*** Opening of Records for processing ***

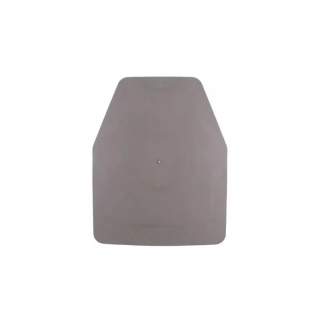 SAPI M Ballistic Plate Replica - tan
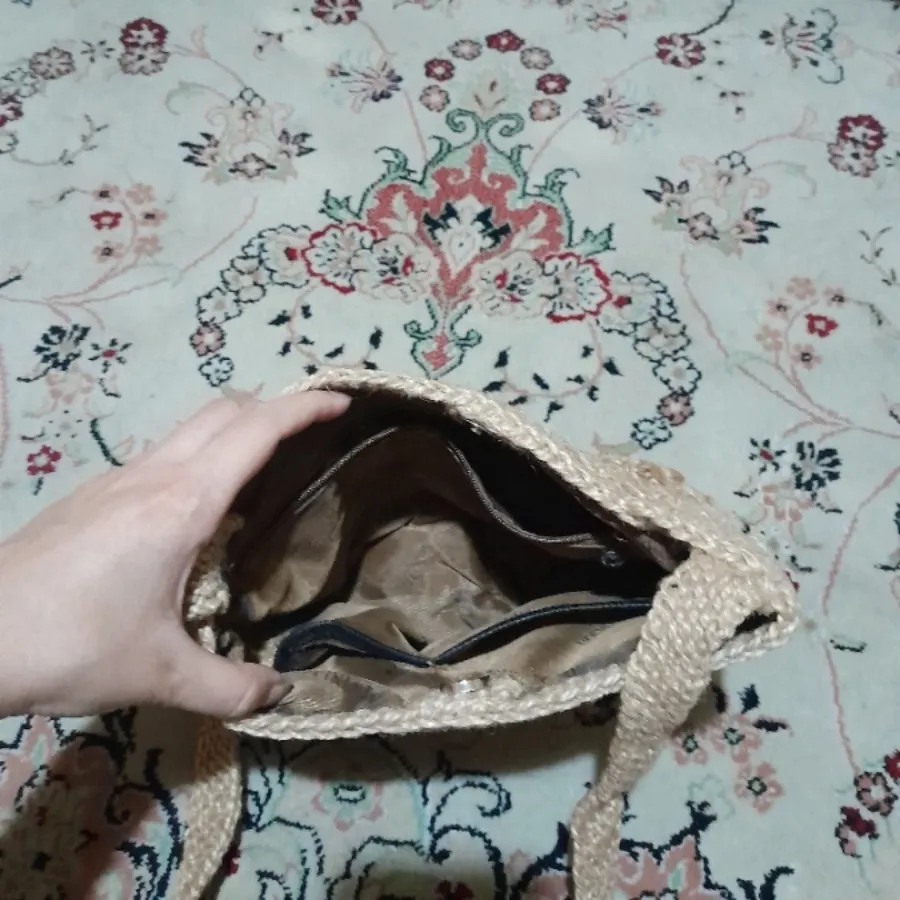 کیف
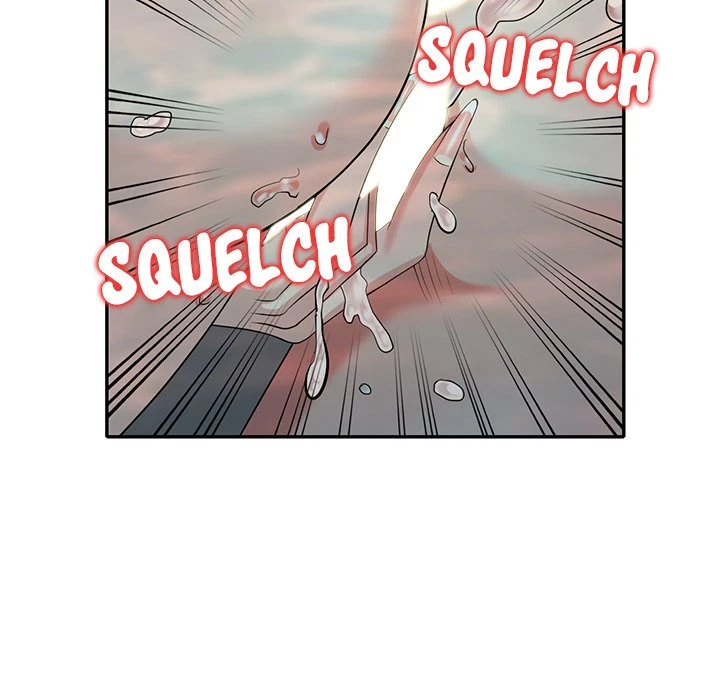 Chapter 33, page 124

*** Close of Records for processing ***
*** Opening of Records for processing ***

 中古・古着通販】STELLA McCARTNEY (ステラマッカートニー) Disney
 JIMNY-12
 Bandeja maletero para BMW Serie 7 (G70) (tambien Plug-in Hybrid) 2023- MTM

*** Close of Records for processing ***

• [Aim of the task]
Using the entries above, repeat exactly the lines from the one with "SAPI M Ballistic Plate Replica - tan" to the one with "Chapter 33, page 124", both included, and leave the pictures behind.

• [Task output]
 SAPI M Ballistic Plate Replica - tan
 کیف
 Chapter 33, page 124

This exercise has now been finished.